Saturday, March 21, 2009

Full-Text Search using Oracle Text

This is in continuation with my previous post on Full Text Search in which I discussed about MySQL’s built-in Full Text Search engine and external Open Source Full Text Search engines as options for performing integrating full-text search features in java applications. This time I want to share information on building Full-Text Search Applications with Oracle Text.

Oracle Text:

Oracle Text is a powerful search technology built into all Oracle Database editions, including the free Express Edition (XE).
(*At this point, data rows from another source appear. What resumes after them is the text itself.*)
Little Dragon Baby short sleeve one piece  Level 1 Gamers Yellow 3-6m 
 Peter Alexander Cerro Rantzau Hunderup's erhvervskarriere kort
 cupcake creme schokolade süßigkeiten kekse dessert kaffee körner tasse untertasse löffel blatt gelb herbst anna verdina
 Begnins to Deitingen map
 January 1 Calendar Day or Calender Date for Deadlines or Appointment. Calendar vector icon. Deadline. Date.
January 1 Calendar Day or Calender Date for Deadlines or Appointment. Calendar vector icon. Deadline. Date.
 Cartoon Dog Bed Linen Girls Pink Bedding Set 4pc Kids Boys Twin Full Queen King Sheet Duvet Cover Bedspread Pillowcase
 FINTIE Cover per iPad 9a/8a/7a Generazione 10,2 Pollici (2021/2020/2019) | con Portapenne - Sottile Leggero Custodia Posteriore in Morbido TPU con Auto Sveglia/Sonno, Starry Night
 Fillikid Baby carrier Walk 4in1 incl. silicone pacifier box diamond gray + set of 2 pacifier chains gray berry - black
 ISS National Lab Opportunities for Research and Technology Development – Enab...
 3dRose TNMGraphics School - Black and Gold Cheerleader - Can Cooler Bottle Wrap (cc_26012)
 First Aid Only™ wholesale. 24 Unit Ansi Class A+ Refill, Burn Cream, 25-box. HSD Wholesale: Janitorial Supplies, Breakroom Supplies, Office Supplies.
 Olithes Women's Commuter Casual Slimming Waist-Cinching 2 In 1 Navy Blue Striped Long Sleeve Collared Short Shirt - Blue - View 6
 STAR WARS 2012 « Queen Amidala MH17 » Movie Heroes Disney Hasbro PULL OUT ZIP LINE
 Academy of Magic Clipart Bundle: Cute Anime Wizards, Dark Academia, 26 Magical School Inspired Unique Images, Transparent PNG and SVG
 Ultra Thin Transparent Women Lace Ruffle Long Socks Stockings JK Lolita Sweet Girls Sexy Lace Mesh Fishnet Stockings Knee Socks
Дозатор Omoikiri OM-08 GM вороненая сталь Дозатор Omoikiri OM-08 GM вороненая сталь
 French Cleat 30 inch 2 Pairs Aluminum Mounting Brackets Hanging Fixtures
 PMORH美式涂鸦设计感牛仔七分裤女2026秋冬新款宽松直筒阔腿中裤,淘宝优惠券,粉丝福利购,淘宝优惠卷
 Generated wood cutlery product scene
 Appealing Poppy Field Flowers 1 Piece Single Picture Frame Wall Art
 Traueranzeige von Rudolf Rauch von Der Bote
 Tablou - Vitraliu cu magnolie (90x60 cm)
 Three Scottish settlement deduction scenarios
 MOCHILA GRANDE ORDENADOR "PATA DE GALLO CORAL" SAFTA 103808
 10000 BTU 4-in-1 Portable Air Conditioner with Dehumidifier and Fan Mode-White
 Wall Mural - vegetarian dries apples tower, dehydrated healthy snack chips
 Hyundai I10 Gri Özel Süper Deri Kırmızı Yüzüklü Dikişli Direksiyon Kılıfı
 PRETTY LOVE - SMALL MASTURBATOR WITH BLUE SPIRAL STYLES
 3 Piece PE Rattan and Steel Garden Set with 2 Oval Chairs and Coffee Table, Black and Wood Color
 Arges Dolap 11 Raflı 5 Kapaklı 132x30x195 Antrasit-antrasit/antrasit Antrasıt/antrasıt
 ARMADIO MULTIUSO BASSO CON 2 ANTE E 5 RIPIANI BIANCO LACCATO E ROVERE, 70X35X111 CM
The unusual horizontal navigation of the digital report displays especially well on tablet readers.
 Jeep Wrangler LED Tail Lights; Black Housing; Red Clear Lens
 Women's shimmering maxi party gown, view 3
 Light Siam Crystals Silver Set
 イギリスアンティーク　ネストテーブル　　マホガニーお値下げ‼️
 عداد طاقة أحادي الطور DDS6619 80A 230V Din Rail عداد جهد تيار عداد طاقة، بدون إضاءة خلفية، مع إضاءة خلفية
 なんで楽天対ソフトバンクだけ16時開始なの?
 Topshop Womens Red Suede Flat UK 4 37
The development APIs provided by Oracle Text allow software developers to easily implement full-featured content search applications.

Oracle Text is suitable for a wide variety of search-related use cases and storage structures. Application areas for Text include e-business, document and records management as well as issue tracking just to name a few. Retrievable text can reside in a structured form inside the database or in unstructured form either in a local file system or on the Web.

Oracle Text can be used to search structured and unstructured documents complementing the SQL wildcard matching. Oracle Text provides a complete SQL-based search API that consists of custom query operators, DDL syntax extensions, a set of PL/SQL procedures and database views. Text API gives the application developer full control over indexing, queries, security, presentation, and software configuration that is sometimes required. Oracle Text is also programming-language agnostic and works equally well for PHP as well as Java applications.

Setting Up Oracle Text:

Oracle Text is installed with an Oracle Database XE installation by default. With other database editions, you need to install the Oracle Text feature yourself. Once the feature is present, you only need to create a normal database user and grant the CTXAPP role to the user. This will allow the user to execute certain index management procedures:

Indexing Process and Searching

Oracle Text indexes retrievable data items before users are able to find content with search. This is a common approach used to ensure adequate search performance. The Oracle Text indexing process is modeled after a pipeline, where data items retrieved from a data store pass through a series of transformations before their keywords are added to the index. The indexing process is split into multiple phases, where each phase is handled by a separate entity and configurable by the application developer.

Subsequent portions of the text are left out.